With the revelation that Virginia is running another gigantic surplus, the debate over the budget and taxes is heating up again. The terms of debate, as I argue in this week’s Bacon’s Rebellion, have shifted decisively in favor of the low-tax advocates.

Last week, Jerry Kilgore argued that the surplus proves that last year’s tax increase was not needed. Now the House of Delegates is in an uproar. As Michael Hardy sums up yesterday’s developments in the Richmond Times-Dispatch: “Some House Republicans, still smarting over [Mark Warner’s] success in winning passage of a record $1.4 billion in tax increases last year, renewed cries that the package was unnecessary because of substantially higher-than-predicted rates of state tax collections.”

House Appropriations Chair Vincent F. Callahan, R-Fairfax, estimated that the state will have an extra $500 million at the end of the fiscal year — presumably over and above the $900 million or so surplus that the Warner administration had anticipated back in December/January and the General Assembly spent, mostly on transportation.

Del.
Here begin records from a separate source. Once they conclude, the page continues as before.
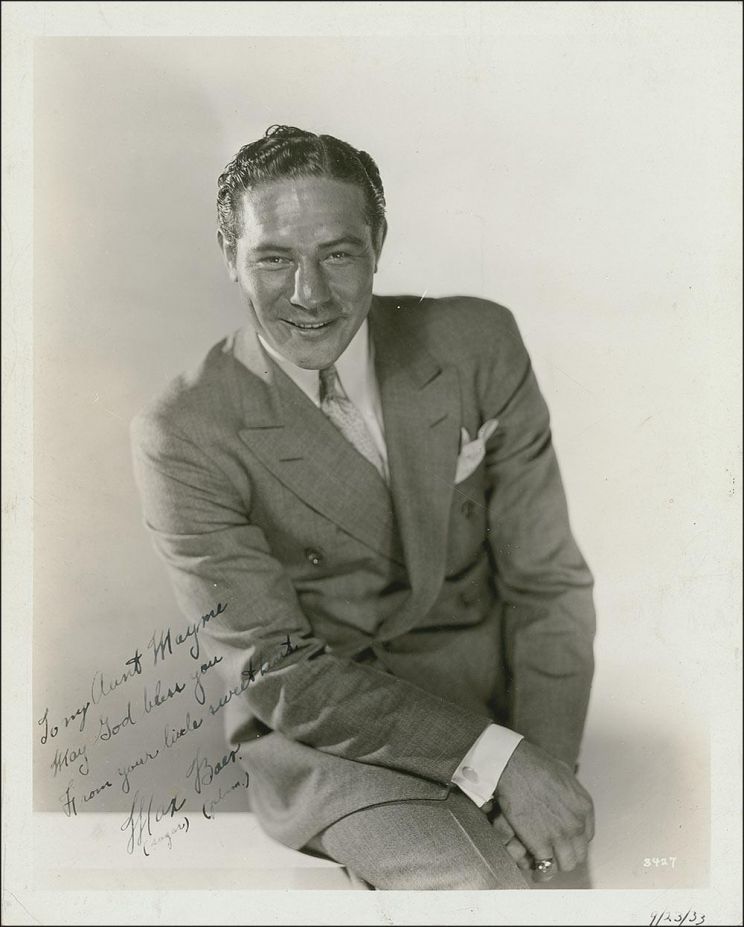 Max Baer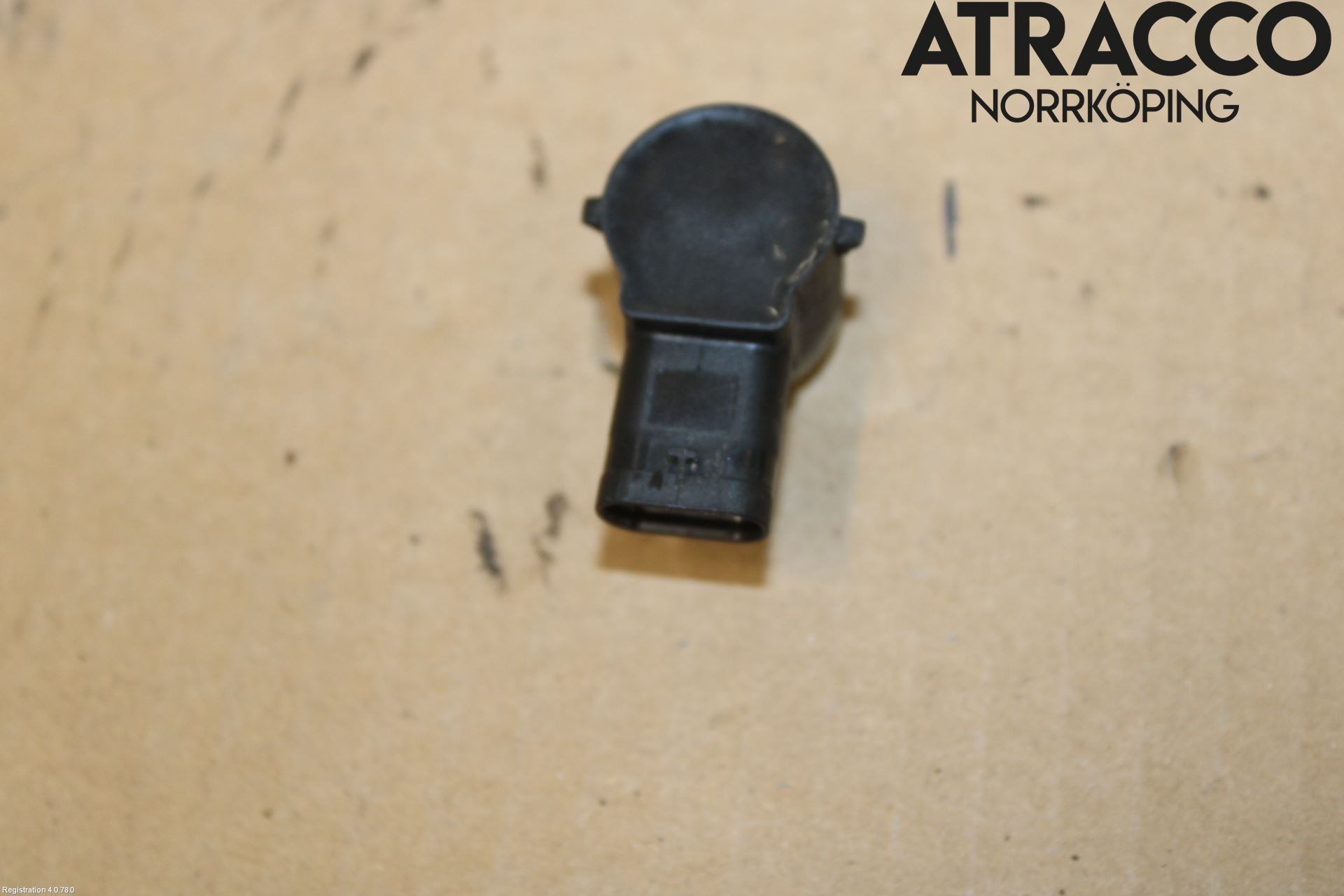 Skoda FABIA 15-21 Parkeringshjälp Backsensor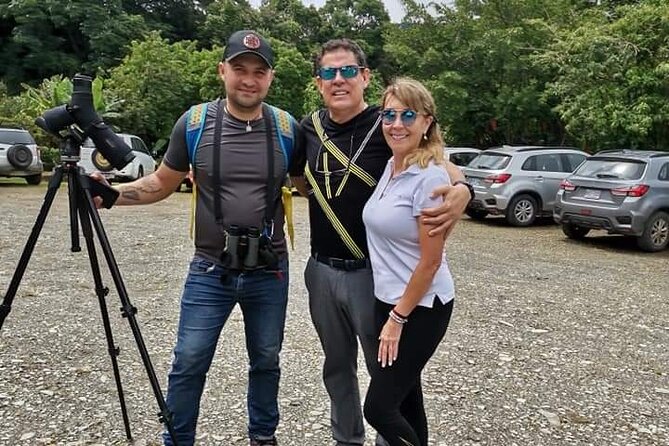 Guided Walk Monteverde Biological Reserve-Johns Nature Tours- - Cloud Forest Exploration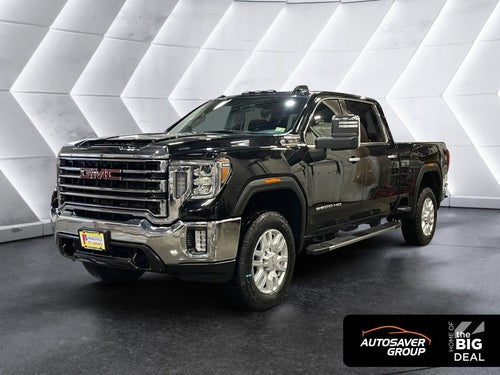 2022 GMC Sierra 3500 HD SLT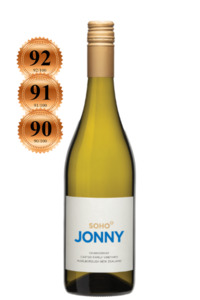 SOHO Jonny Chardonnay 2024 750ml - White Label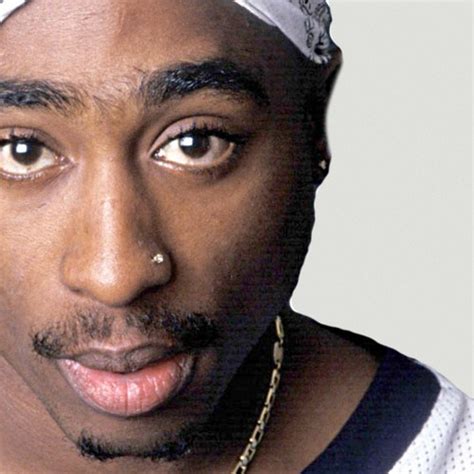 2pac Nose Ring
R. Steven Landes, R-Augusta, was particularly harsh in his criticism of the Warner administration: “You all have the worst record of any administration,” he told Finance Secretary John Bennett at a House hearing. Del. Leo C. Waldrup Jr., R-Virginia Beach, characterized Warner as acting like “Chicken Little” about state finances.

Bennett conceded that the state needed to improve its forecasting ability. But the issue really isn’t the Warner administration’s forecasting record. Forecasting is inherently a hit or miss proposition; no one is very good at it. Warner’s mistake was justifying tax increases based on six-year projections that a long-term, structural budget deficit would leave Virginia unable to meet core obligations. Long-term forecasts are even more uncertain than short-term forecasts. Moral of the story: Don’t increase taxes on the basis of shortfalls that might materialize some hazy time in the future.

Virginia never needed the 2004 tax increase. It’s time to talk rollback.